Knowing God, J. I. Packer
For over 40 years, J. I. Packer’s classic has been an important tool to help Christians around the world discover the wonder, the glory and the joy of knowing God. In 2006, Christianity Today voted this title one of the top 50 books that have shaped evangelicals. This edition is updated with Americanized language and spelling and a new preface by the author. Stemming from Packer’s profound theological knowledge, Knowing God brings together two important facets of the Christian faith: knowing about God and also knowing God through the context of a close relationship with the person of Jesus Christ.
Written in an engaging and practical tone, this thought-provoking work seeks to transform and enrich the Christian understanding of God. Explaining both who God is and how we can relate to him, Packer divides his book into three sections: The first directs our attention to how and why we know God, the second to the attributes of God and the third to the benefits enjoyed by a those who know him intimately. This guide leads readers into a greater understanding of God while providing advice to gaining a closer relationship with him as a result.
The Attributes of God, Arthur W. Pink
The foundation of our knowledge of God rests upon knowing what he is like. Without understanding God’s attributes, we have a skewed perception of him—often one cast in our own image. We need more than just a theoretical knowledge of God in order to worship him as he desires.
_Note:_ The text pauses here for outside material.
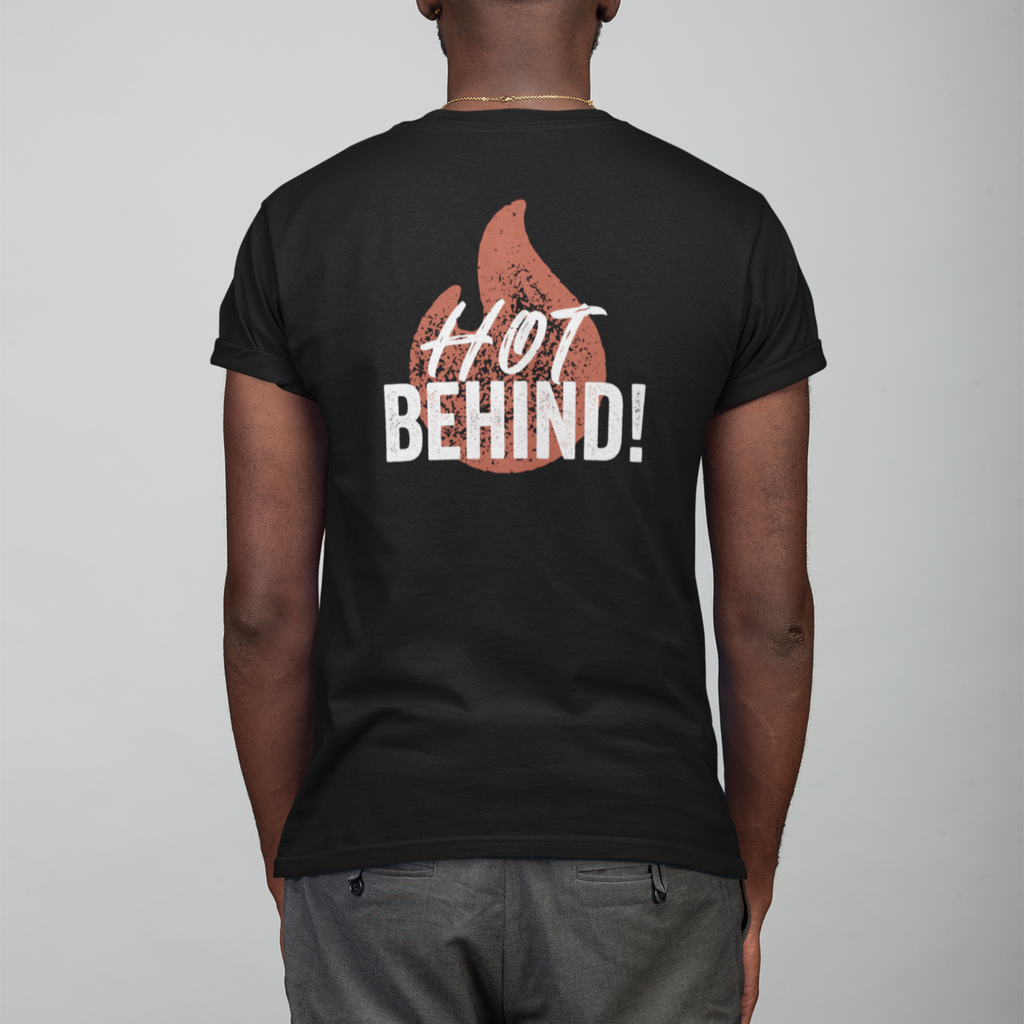 BACK PRINT Hot Behind Unisex Tee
This classic work of Arthur W. Pink invites readers to discover the truth about seventeen attributes of God, including his sovereignty, immutability, patience, love, faithfulness, and much more. Pink shows readers a God who is alive, all-powerful, and active in his creation. The perfect introductory text, The Attributes of God also has enough depth and meat to satisfy the more experienced reader.
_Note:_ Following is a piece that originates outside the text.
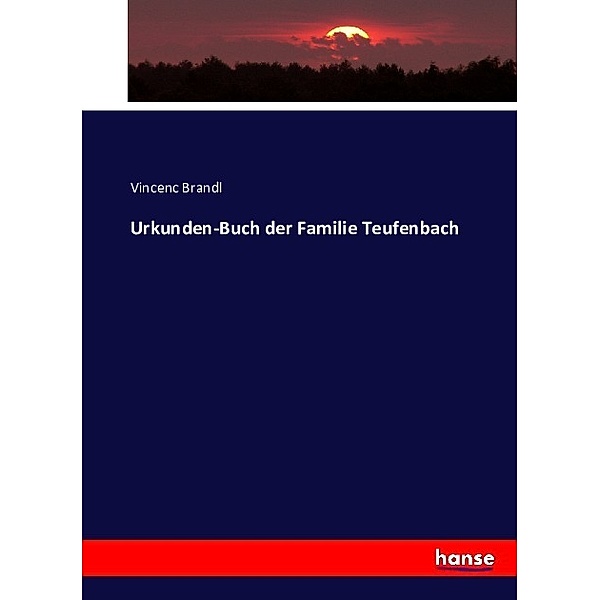 Urkunden-Buch der Familie Teufenbach, Vincenc Brandl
The Attributes of God: Knowledge of the Holy, A. W. Tozer
What is the nature of God? How can we recapture a real sense of God’s majesty and truly live in the Spirit? This beloved book, a modern classic of Christian testimony and devotion, addresses these and other vital questions, showing us how we can rejuvenate our prayer life, meditate more reverently, understand God more deeply, and experience God’s presence in our daily lives.
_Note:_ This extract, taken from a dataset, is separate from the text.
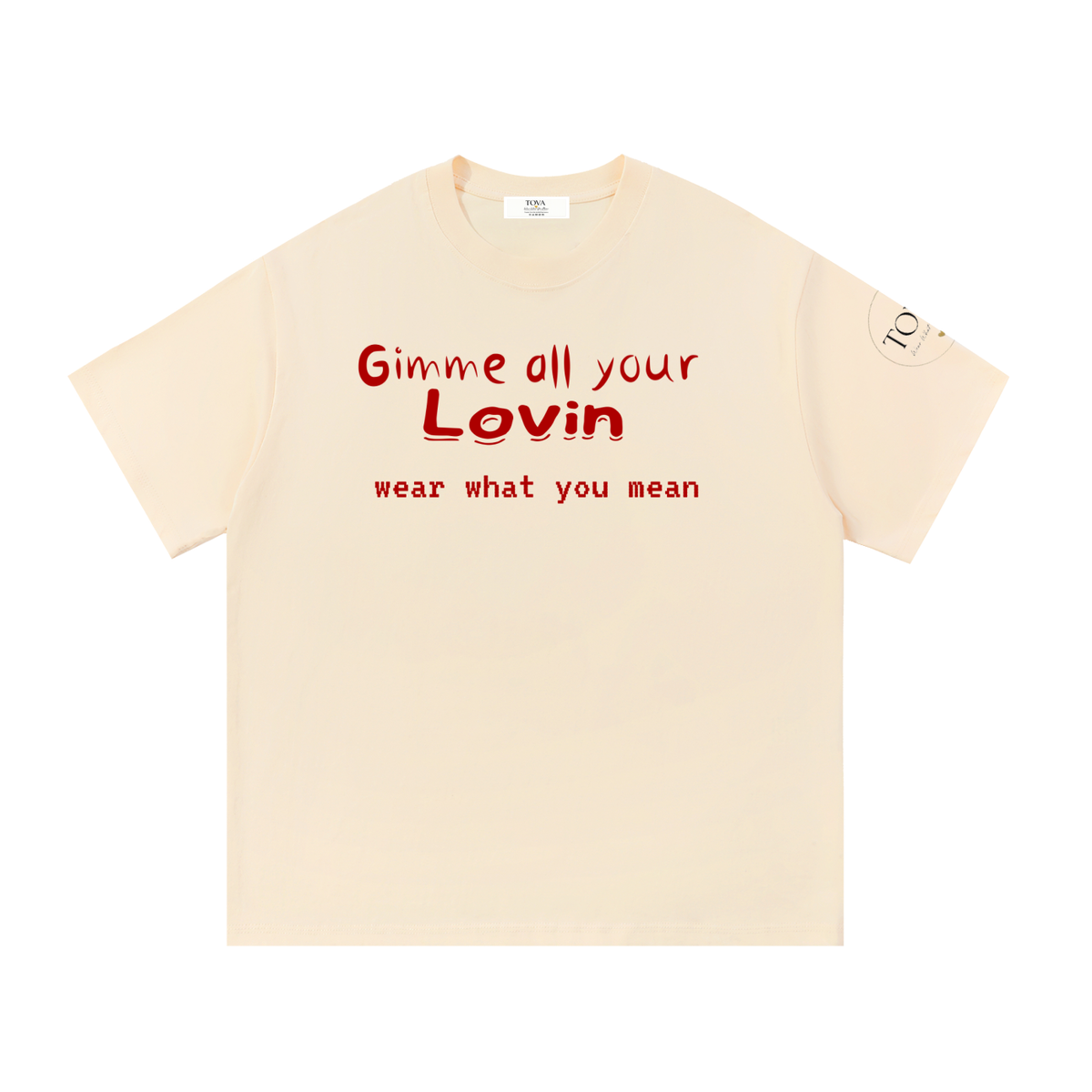 Wear what you mean - TOVA's signature song title collection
Informative and inspiring, The Knowledge of the Holy illuminates God’s attributes from wisdom, to grace, to mercy and shows through prayerful and insightful discussion, how we can more fully recognize and appreciate each of these divine aspects. This book will be treasured by anyone committed to the Christian faith. It bears eloquent witness to God’s majesty and shows us new ways to experience and understand the wonder and the power of God’s spirit in our daily lives.
The Doctrine of God (A Theology of Lordship), John Frame
Frame resolves to present what Scripture says about God and how to apply it to the questions of our time. Frame’s central motif if that God is Lord of the covenant and that all the acts, attributes, and personal distinctions that Scripture attributes to God are also expressions of his Lordship. This approach focuses our attention on the main biblical message of salvation without ignoring or denying the large amount of biblical teaching on the nature and acts of God.
This award-winning book will help you appreciate the God revealed in the Bible and the God revealed through the lives of his people.